His body was never found, but he is commemorated at the Indian Army memorial at Neuve Chapelle, on the St Clement war memorial and on the Sir Galahad memorial at Victoria College.

Soldat Toussaint Connan

Soldat Toussaint Connan

Toussaint Marie Connan was born on 11 November 1884 at Pont Melvez in Brittany.

By 1901 he was living in Jersey and in 1908 he married Jeanne. They had two daughters.

Connan completed his compulsory military service with the French Army and returned to Jersey as an army reservist, and was called up in August 1914.

He was killed in October 1915 when his regiment, Tirailleurs du Maroc, attacked German defences at Grenay, near Arras.

He is buried in the French National Cemetery at Notre Dame de Lorette and is also commemorated on the memorial in St Matthew’s Church, St Peter.

Rifleman John Vibert

John Philip Vibert was born in St Helier on 28 March 1895, the third child of George and Eliza.

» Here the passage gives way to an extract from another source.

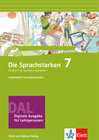 Buchcover Die Sprachstarken 7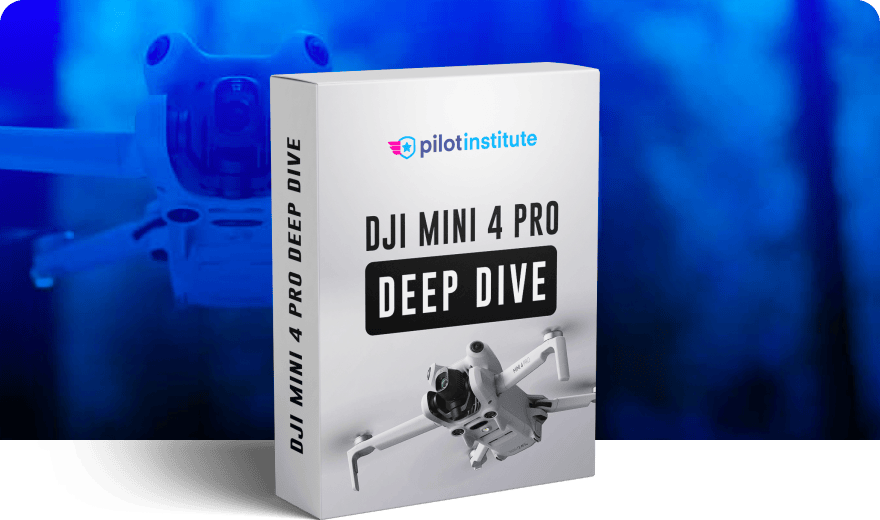 DJI Mini 4 Pro Deep Dive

In 1911 he joined the West Battalion of the Jersey Militia.

When war broke out his battalion was mobilised to defend the Island and in February 1915, along with his comrades – including his brother, James – he enlisted in the British Army.

The Jersey Company, as they were called, were dispatched to France in December 1915.

In September 1916 they were deployed at Guillemont on the Somme.

In the confused fighting that followed, Vibert was among many killed, but his body was not found until after the war.

James Vibert was killed in Ypres nine months later.

John Vibert is buried in Guillemont Road cemetery and he is commemorated on the St Brelade war memorial.

Private Wilfred Ching

Wilfred Arthur Ching was born on 1 January 1897, the youngest son of George and Mary, who ran St Martin’s Post Office.

In August 1914 he joined the Jersey Militia East Battalion, serving alongside his brothers, George and Raymond.

He was called up in May 1917, and towards the end of September his unit, the 1st Battalion of the Hampshire Regiment, went into action at Ypres.

He was killed during the Battle of Broodseinde Ridge and his body was never found.

He is commemorated at Tyne Cot and on the St Martin war memorial.

Lance Corporal Alfred Basford

Lance Corporal Alfred Basford

Alfred Alexander Basford was born on 12 October 1886 in St Mary.

He joined the Royal Navy as a young man, serving for five years, and in August 1914 he was living in Canada.

He joined the Canadian Army in November 1914 and landed in France in September 1915.

He spent the first six months in Belgium, and missed the Battle of the Somme, as he was recovering from a wound in England.

He survived the successful Canadian-led assault on Vimy Ridge on 9 April 1917, only to be killed the following day.

He is commemorated on the Vimy Ridge memorial and on the St Martin war memorial.